General elections were held in Costa Rica on 5 February 2006. In the presidential election, Óscar Arias of the National Liberation Party (Partido Liberación Nacional), a former president and Nobel Peace Laureate, was victorious over Ottón Solís of the Citizens' Action Party (Partido Acción Ciudadana) and twelve other minor-party candidates. Although Arias was expected to win by a wide margin, the actual polling reports were unexpectedly close. However, early results showed the contest to be closer than it actually was. The preliminary official report, after 88.45% of the vote counted, showed the result for President of the Republic almost tied between Arias with 40.51% of the vote and Ottón Solís with 40.29%. Given the small difference of only 3250 votes, the Superior Electoral Tribunal announced that a manual count of all the votes would start immediately and no official winner would be announced until that process was completed, approximately two weeks after the election.

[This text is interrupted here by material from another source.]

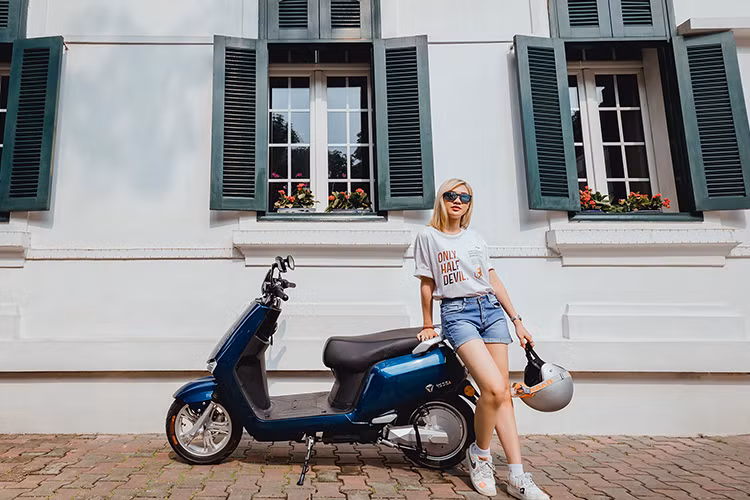 YADEA BuyE động cơ GTR 3.0 do YADEA độc quyền sáng chế với công suất 1.200W cho khả năng vận hành tuyệt vời tại các dải vận tốc trong bất cứ cung đường nào, được tối ưu để mang lại cảm giác “tăng tốc phấn khích”, kết hợp với hệ thống tay lái và ECU thế hệ mới để mang lại cảm giác lái thân thiện, ổn định vượt trội.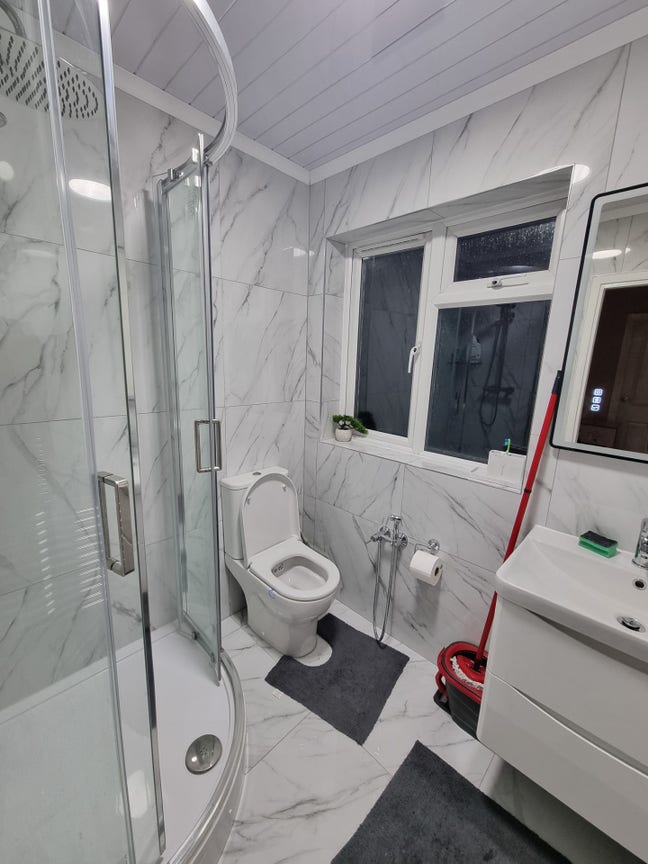 Spacious double room in quiet area females prefer Main Photo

In the parliamentary election, the National Liberation Party won the mosts seats.

Presidential election

Candidates
There were fourteen candidates running for the presidency in the 2006 elections. However, only a few rose in the polls above the error margin.

Óscar Arias
Arias had been seen as the front runner throughout the campaign. Arias served as President of Costa Rica from 1986 to 1990. He is best known worldwide for his role in the signing of the Esquipulas Peace Agreement which is regarded as the crucial plan which led to the eventual end to the series of civil wars that took place throughout Central America, most notably in Nicaragua, El Salvador, and Guatemala, during the 1980s. For his role he was awarded the Nobel Peace Prize in 1987. With the monetary portion of the award he started the Arias Foundation for Peace and Human Progress, an advocacy group for demilitarization, women's rights and conflict resolution through dialogue. Through this group Arias helped to settle conflicts throughout Latin America, participating in the process to demilitarize Haiti and Panama.

Arias made the fight against poverty and corruption the headlining issues of his campaign. During public appearances he promised to provide scholarships to poor families so their children could stay in school and not have to work (a promise he fulfilled on his first day in office), and spoke about the urgency of signing the Central American Free Trade Agreement in order to create high-paying jobs for Costa Rica's youth.

With the pre-election opinion polls favoring Óscar Arias, he did not foresee such stiff competition from his closest rival Ottón Solís. At first count, there was a difference of only 0.4% (Óscar Arias = 40.6% vs Ottón Solís = 40.2%), or about 3,200 votes. Large numbers of voters supporting candidates other than Óscar Arias and Ottón Solís chose to cast their ballot for Ottón Solís at the last minute, with the objective of keeping Óscar Arias from winning the elections.

Election laws in Costa Rica dictate, among other things, that a candidate requires 40% of the votes to avoid a second round of voting for election of the President. Further, in case of a tie with candidates having the same number of votes, the elder of the two wins the seat.

Ottón Solís
Solís was the candidate of the Citizens' Action Party (PAC). Solís is a co-founder of the party and was its candidate in the 2002 presidential elections. In that election he ran against Rolando Araya of the National Liberation Party (PLN) and Abel Pacheco of the Social Christian Unity Party (PUSC). On 3 February 2002 the first round was held, in which Solís lost. He was running in an effort to break up the two-party system in Costa Rica.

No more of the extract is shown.